EXERCISE BRIEF >> Find the line containing "Pałac w Promnicach", then return it and every line after it through the end of the records, exactly. Leave out pictures.

Stored data entries
==================================================

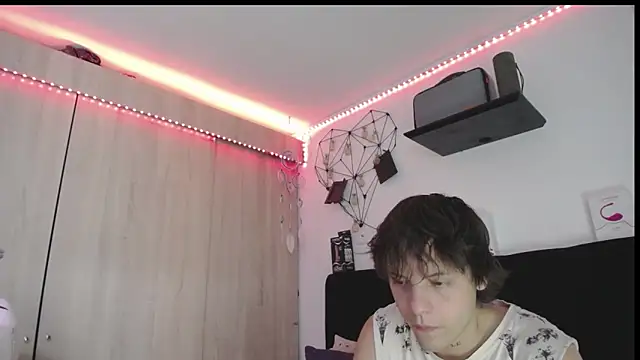 Santiago kiler online show from 5, 3, 2026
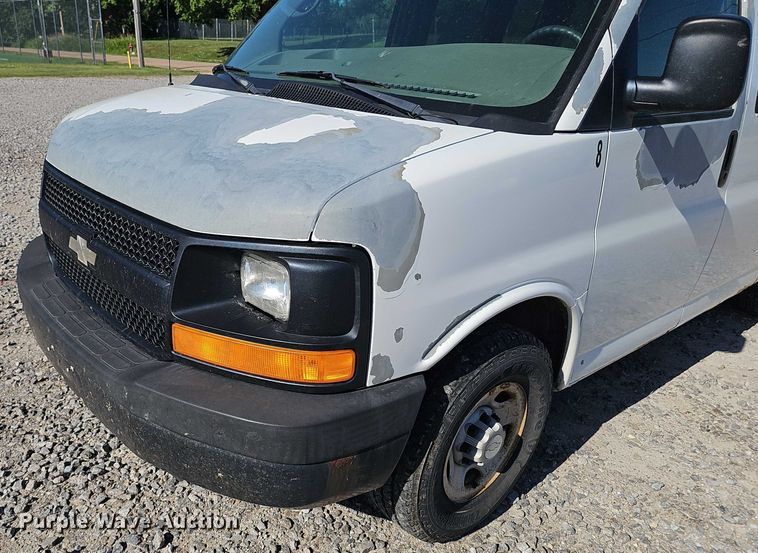 image for item DR3855 2008 Chevrolet Express 3500 van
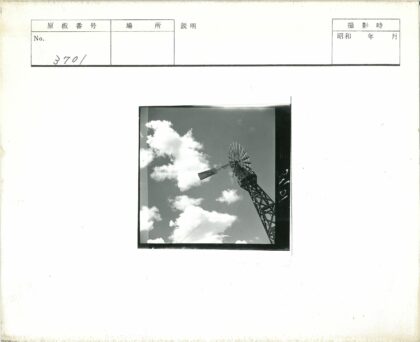多云天空下的风车.jpg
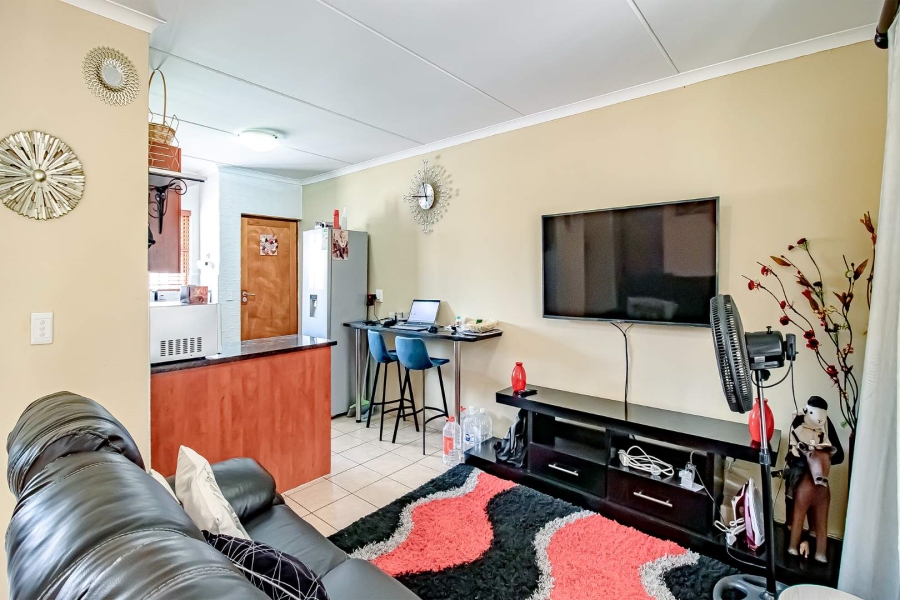 2 Bedroom Property for Sale in The Reeds Gauteng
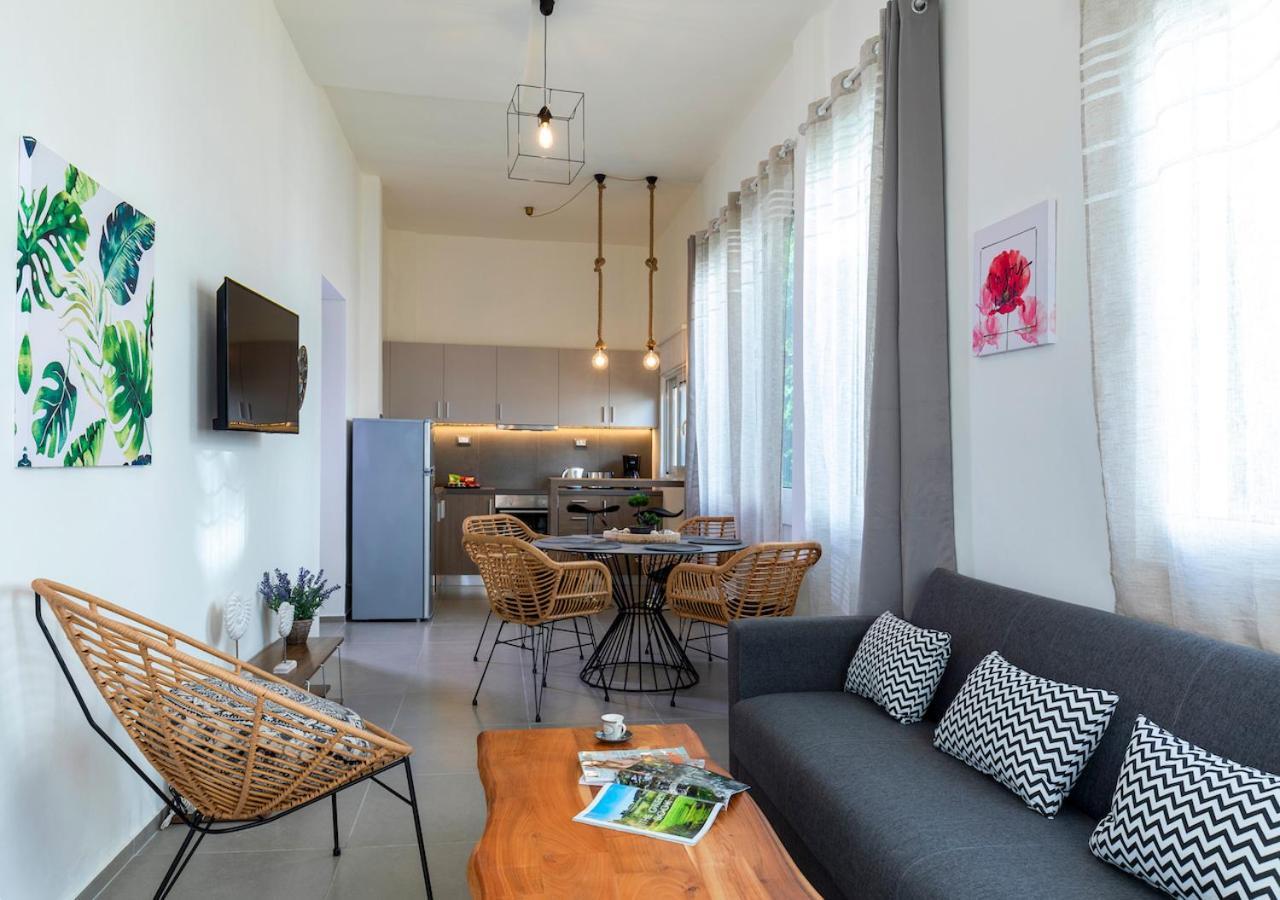 Rose Central Master Bedroom Apartment Rhodes City エクステリア 写真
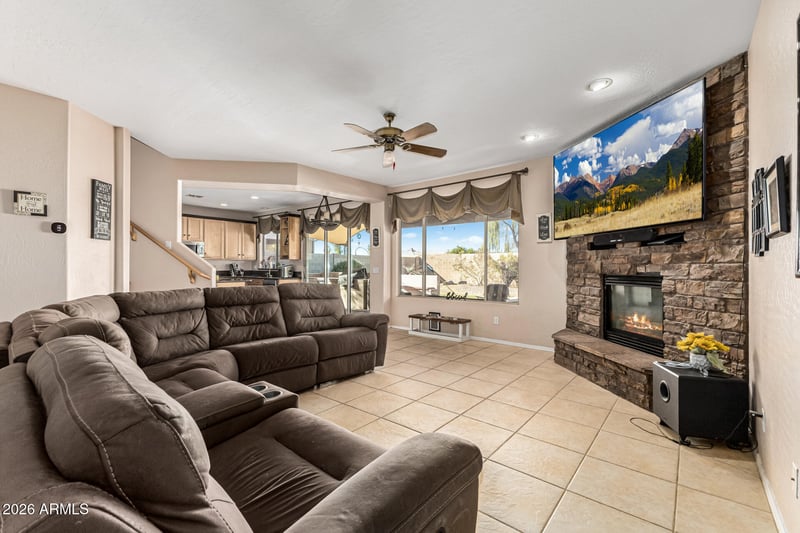 8004 W Donald Dr, Peoria, AZ 85383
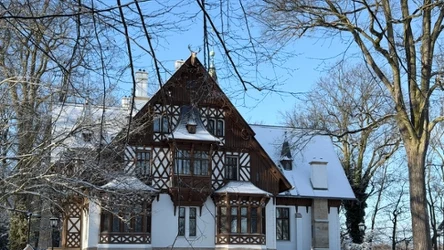 Pałac w Promnicach jest wyjątkowym okazem kultury łowieckiej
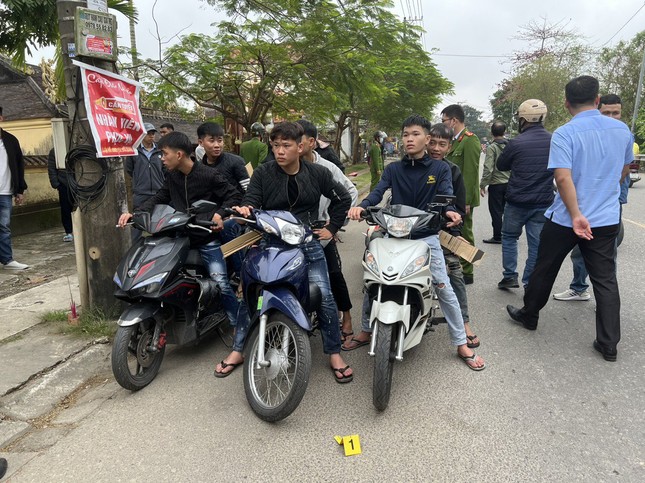 hue khoi to 34 bi can cam hung khi ruot duoi danh nguoi tren pho 2 hue khoi to 34 bi can cam hung khi ruot duoi danh nguoi tren pho 2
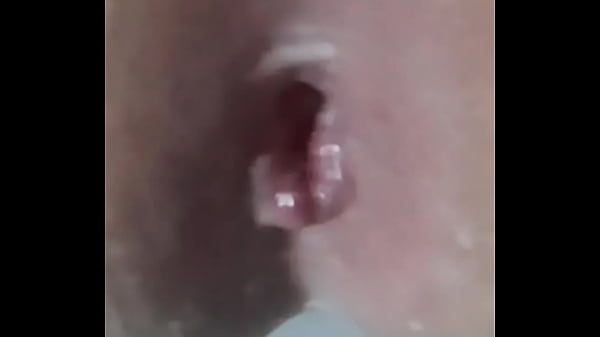 Me abro el hoyo con dildo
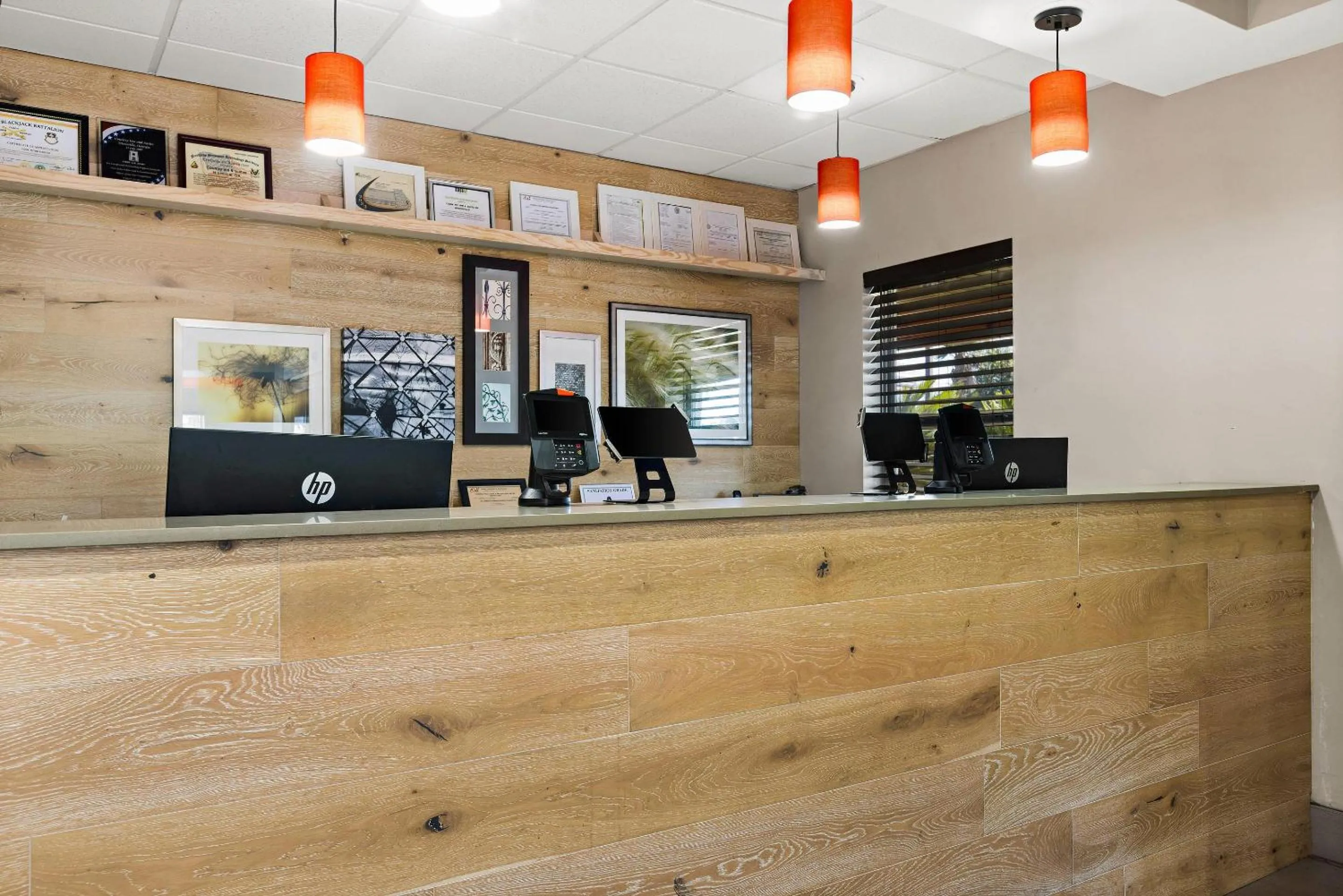 Lobby or reception in Country Inn & Suites by Radisson, Hinesville, GA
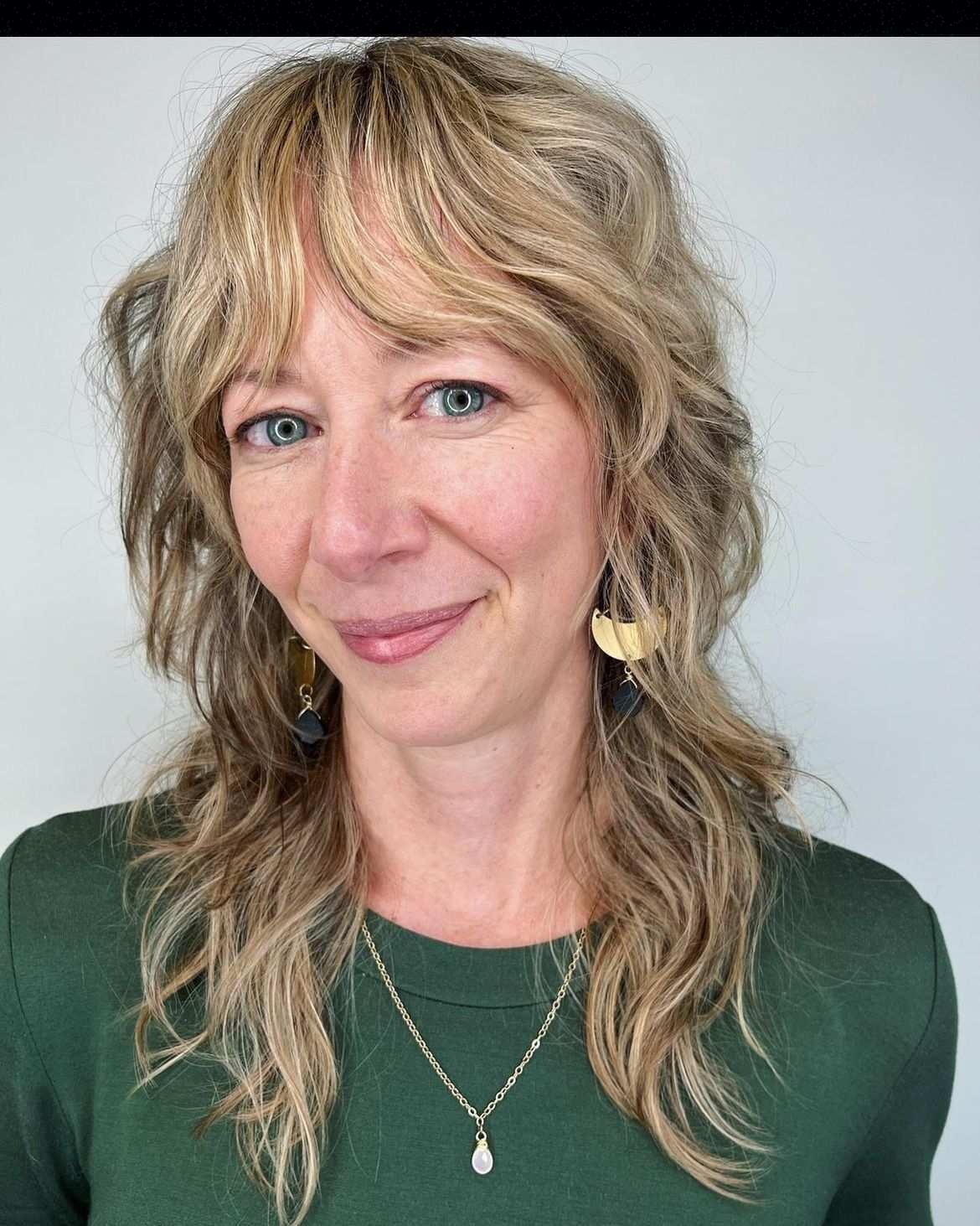 wavy-blonde-hair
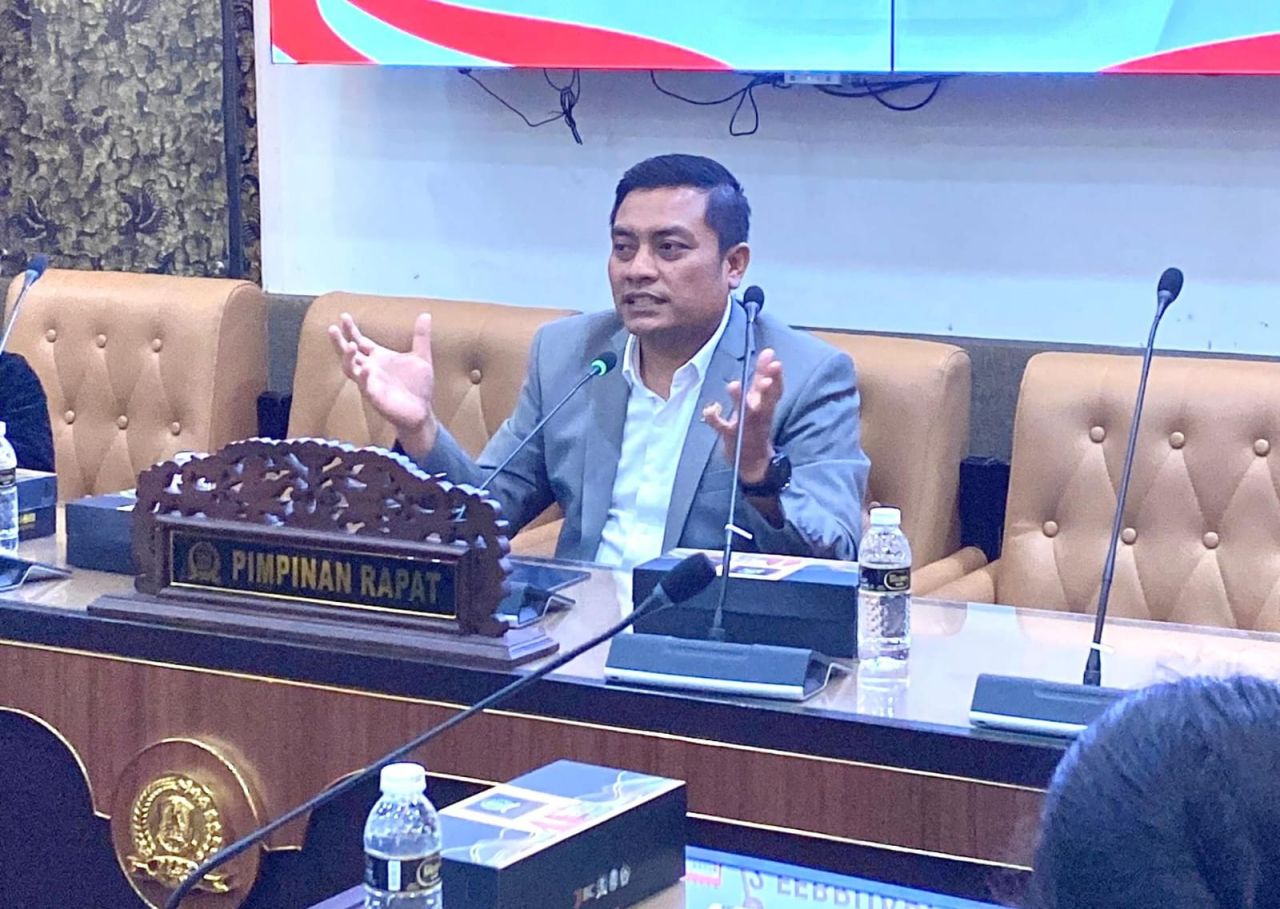 Daya Tampung SMA/SMK Negeri Jatim Hanya 39%, Puguh Wiji Pamungkas Ingatkan Keadilan SPMB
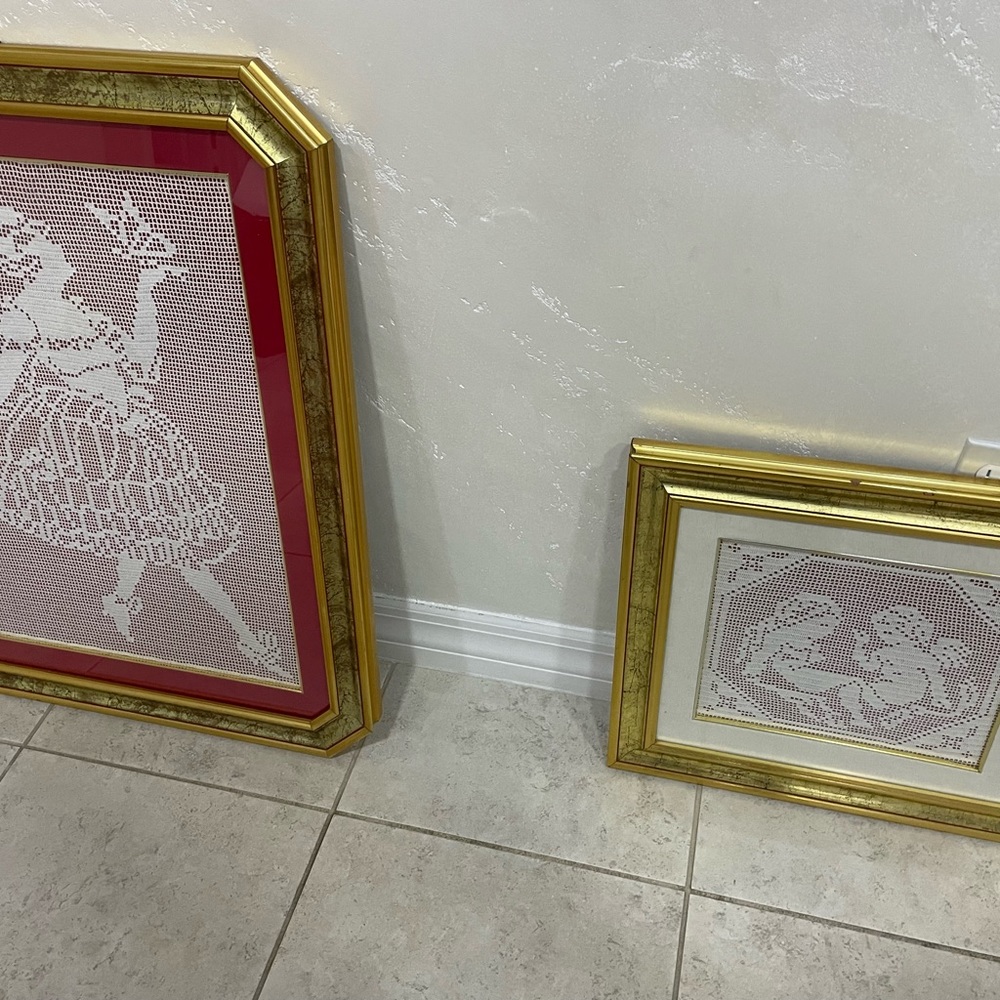 Hand made in Sicily crocheted art works 2 Pc 
Made. In Agrigento Sicily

==================================================

ANSWER BOX >>
 Pałac w Promnicach jest wyjątkowym okazem kultury łowieckiej
 hue khoi to 34 bi can cam hung khi ruot duoi danh nguoi tren pho 2 hue khoi to 34 bi can cam hung khi ruot duoi danh nguoi tren pho 2
 Me abro el hoyo con dildo
 Lobby or reception in Country Inn & Suites by Radisson, Hinesville, GA
 wavy-blonde-hair
 Daya Tampung SMA/SMK Negeri Jatim Hanya 39%, Puguh Wiji Pamungkas Ingatkan Keadilan SPMB
 Hand made in Sicily crocheted art works 2 Pc 
Made. In Agrigento Sicily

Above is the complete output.